- **WHAT TO WORK ON**: Restate the data below word for word, omitting pictures.

- **MATERIAL PROVIDED**:
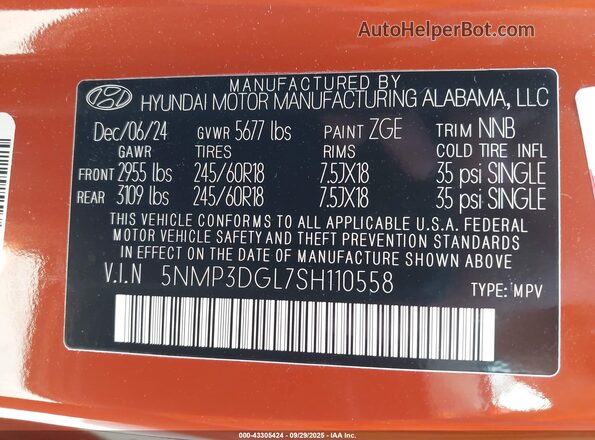5NMP3DGL7SH110558 2025 HYUNDAI SANTA FE Orange Vista del compartimento del motor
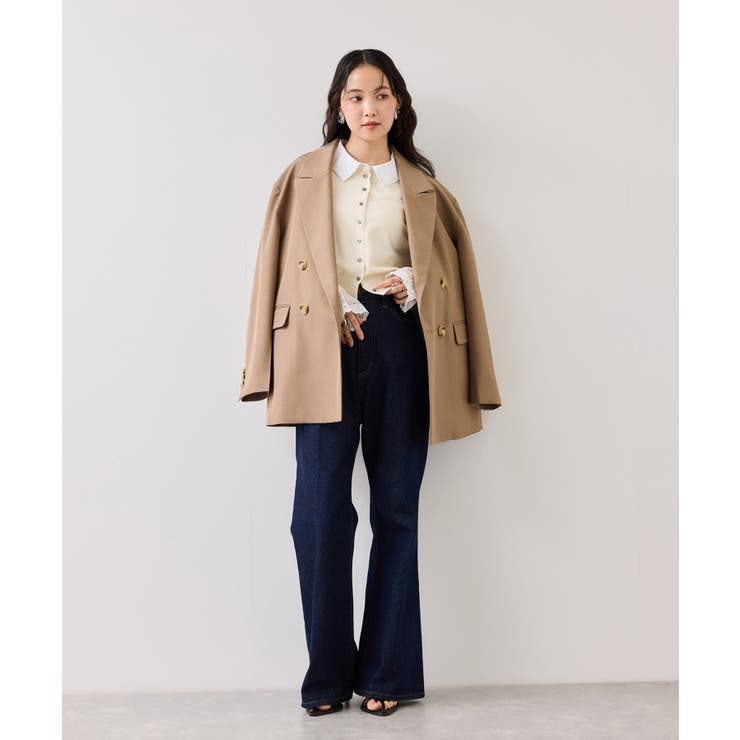 レースカフスドッキングニットカーディガン | VIS  | 詳細画像7 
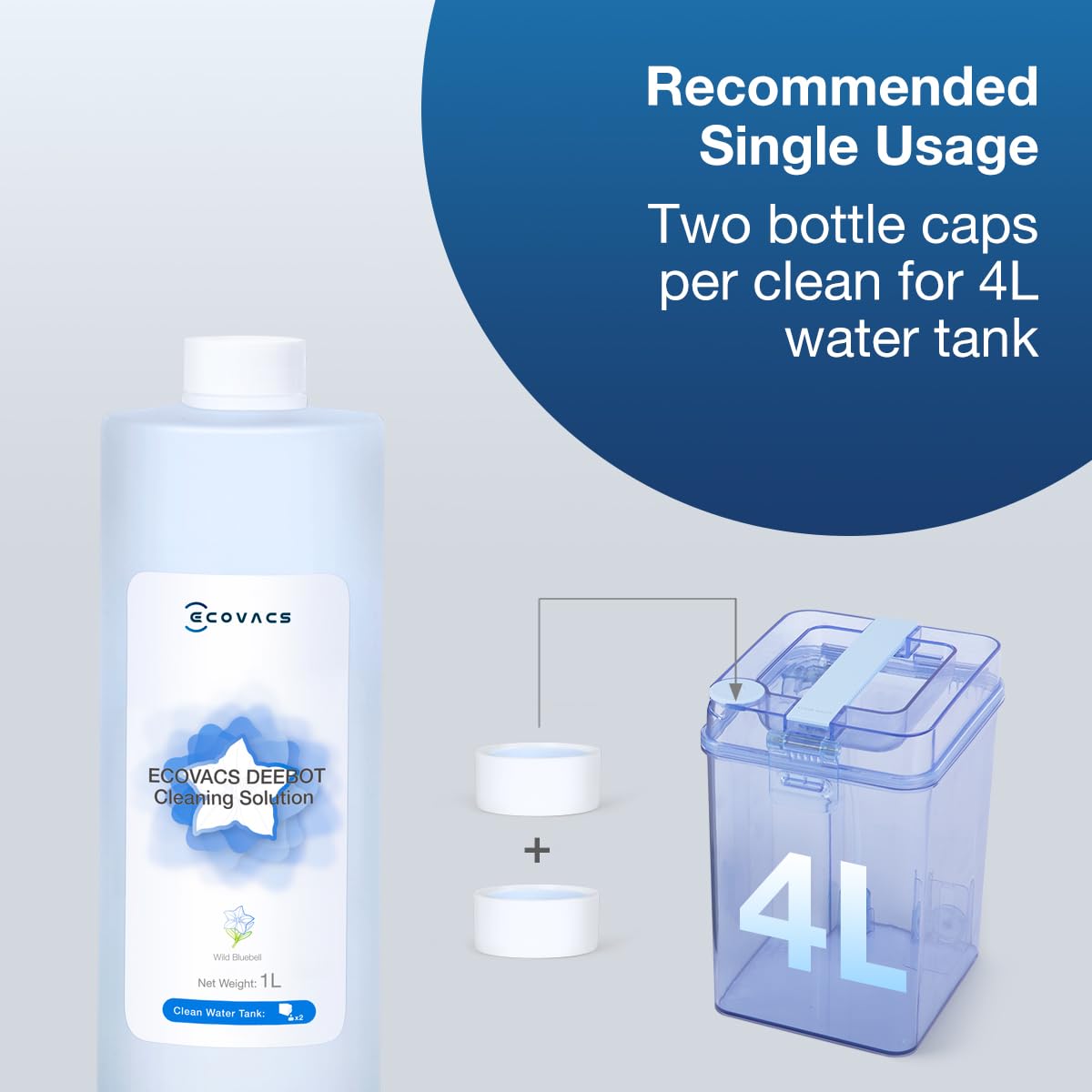 ECOVACS bottle label emphasizes 1L capacity and fresh scent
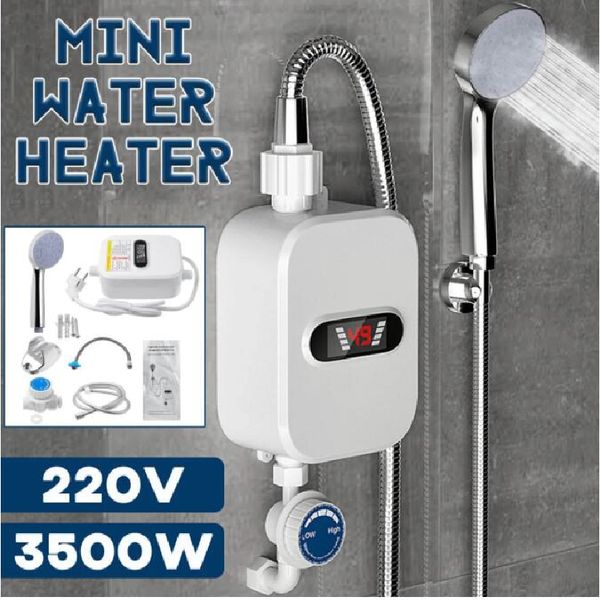 3500W Instant Elektrischer Warmwasserbereiter 3S Heizung Badezimmer Küche Durchlauferhitzer Temperaturanzeige Heizung Dusche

- **OUTPUT**:
5NMP3DGL7SH110558 2025 HYUNDAI SANTA FE Orange Vista del compartimento del motor
 レースカフスドッキングニットカーディガン | VIS  | 詳細画像7 
 ECOVACS bottle label emphasizes 1L capacity and fresh scent
 3500W Instant Elektrischer Warmwasserbereiter 3S Heizung Badezimmer Küche Durchlauferhitzer Temperaturanzeige Heizung Dusche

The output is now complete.